What is required ▸ Each line from the one holding "Imagem Apartamento a" through the end of the records should be returned exactly, while pictures are skipped.

Entries taken from a collection:
• • • • •

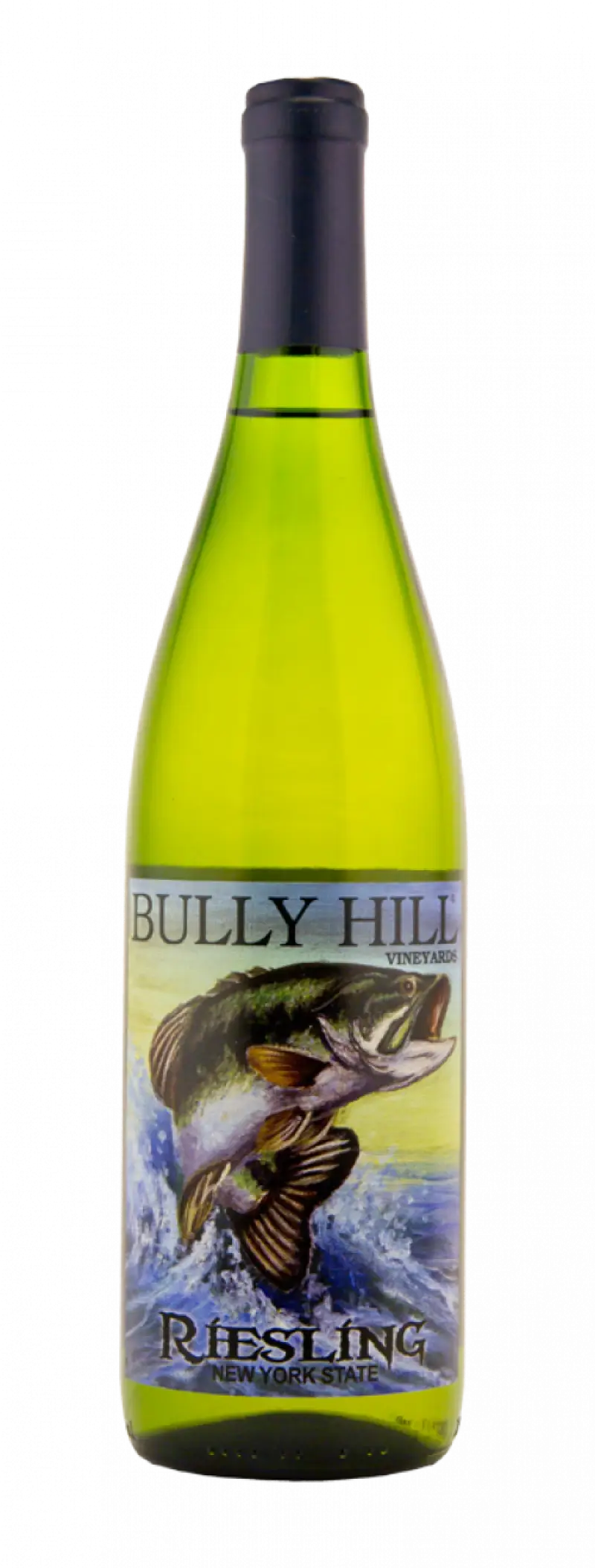 Bully Hill Bass Riesling 750ml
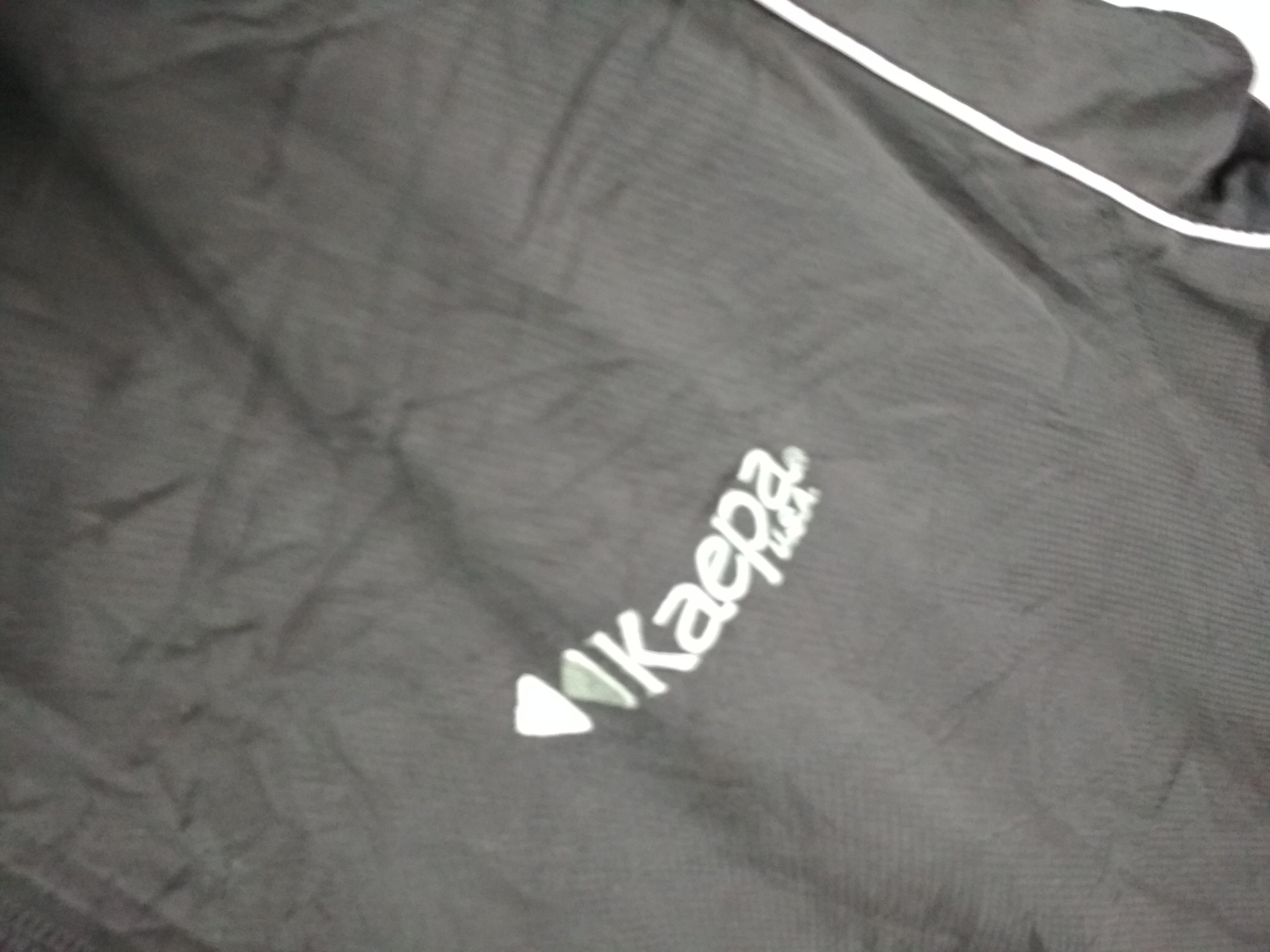 Other KAEPA ATHLETIC LIGHT JACKET FULL ZIPPER EMBROIDERY LOGO Size US M / EU 48-50 / 2 - 3 Thumbnail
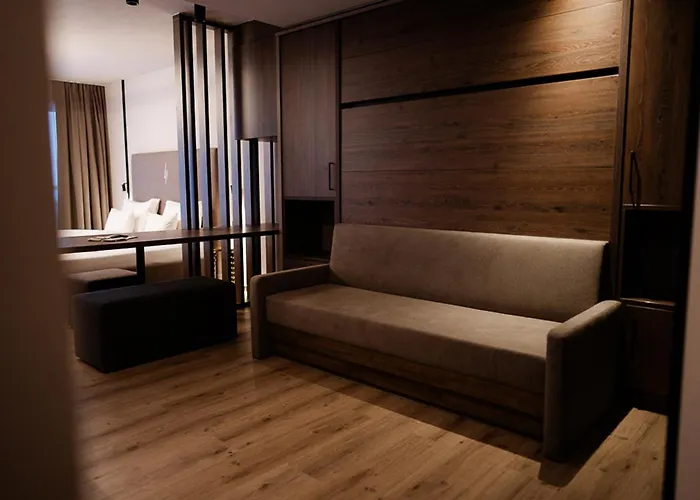 Lh Linzerhaus Suites Saalbach - Inklusive Jokercard Appart hôtel 4*
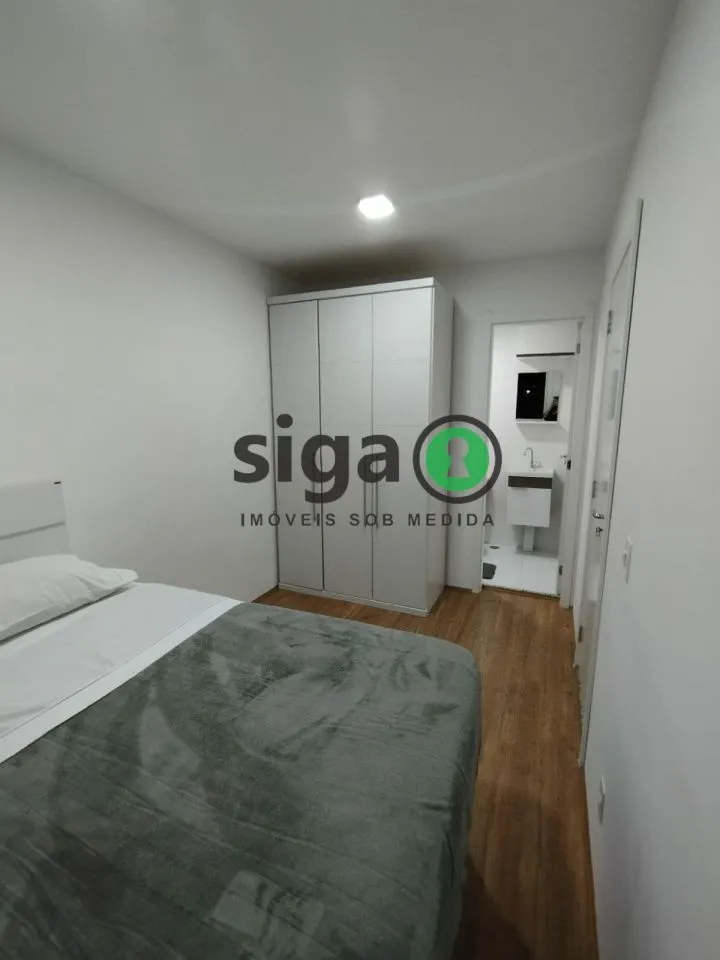 Imagem Apartamento a venda com 01 quarto na Granja Julieta - 29m²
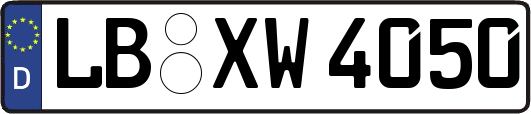 LB-XW4050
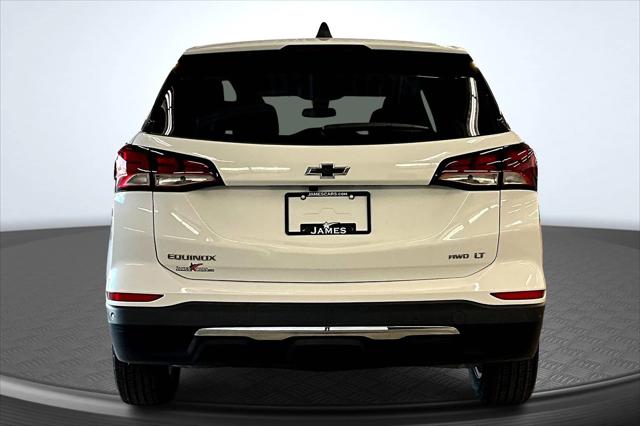 2024 Chevrolet Equinox AWD LT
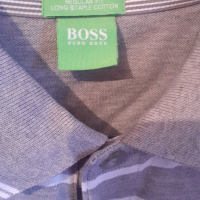 Мъжка тениска Hugo Boss. , снимка 3 - Тениски - 45006576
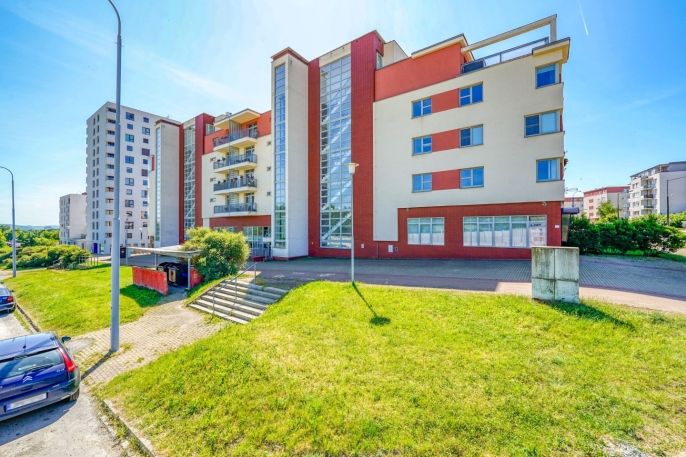 Pronájem, Byt 2+kk, Plzeň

• • • • •

Expected answer ▸
 Imagem Apartamento a venda com 01 quarto na Granja Julieta - 29m²
 LB-XW4050
 2024 Chevrolet Equinox AWD LT
 Мъжка тениска Hugo Boss. , снимка 3 - Тениски - 45006576
 Pronájem, Byt 2+kk, Plzeň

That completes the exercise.